今号から「歩合設計編」として時間外上限規制(2024年問題)への給与設計面での対応について解説してまいります。(その1)

1.24年問題と給与制度
ドライバー不足と貨物運送量の減少が社会問題化し、物流2法(貨物自動車運送事業法、物流総合効率化法)などにより多重下請け構造の是正、契約の書面化、運賃の下限設定などについて法制化されてきており、運送業界は24年問題を契機に歴史的転換点を迎えています。

さて、24年問題は運送業の給与制度設計に大きな影響を与えています。これまで「1運行〇〇円」「1コース〇〇円」「月の売り上げの〇%」といった考え方で指示・配車される運行に対し、ドライバーもそれを当たり前として実施してきたというのが実態でした。「時間意識」が希薄であったなかで、この問題に取り組まなくてはならなくなりました。

なお、現状では物流の担い手である運送業を守っていくという考え方があるため、法改正後の規制に対応していない会社を摘発するという動きにはなっていませんが、現実にはトラックによる痛ましい事故のニュースが報道されており、徐々に「摘発モード」になっていくことが想定されます。Gメン制度の創設や運賃上昇を後押しする施策を推進されるなかで、時間外規制に対し真摯に取り組んでいる会社とそうでない会社を分けていくという考え方は理解できます。

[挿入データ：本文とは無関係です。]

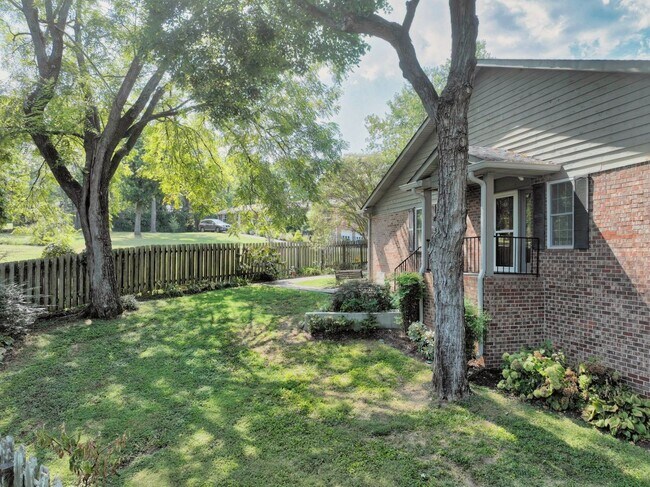 Photo - 325 Autumn Chase Dr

さて、給与制度は「時間外労働時間数」が重要な要素です。

皆さまの会社では労働時間数を正確に把握できているでしょうか? この紙面でも何度も解説していますが、ドライバーの労働時間数はデジタコ、点呼システム、ドライブレコーダーを連動させ、勤怠管理システムを活用し把握するのが望ましいです。今後の法改正でも時間把握を目的としてデジタコ利用が推奨されていく見込みですが、やはり分単位の休憩時間の把握や動態管理の必要性などによりデジタコ活用は必須です。変形や日跨ぎ運行など複雑な運行形態にも対応する勤怠管理システムも進化しています。

正確な労働時間の把握は事業者の義務であり、24年問題は給与制度を改革していく大きな契機となりました。

2.月給制、日給制、時給制
多重下請け構造は中期的には是正されていく見込みですが、中小運送業者の実態としては長時間労働を余儀なくされる会社がまだあります。定期配送など固定的運行であれば時間管理も容易であるため月給制・日給制・時給制といった労働基準法の原則通りの設計をしても大きな問題になりませんが、変動的な運行の場合は問題になる場合があります。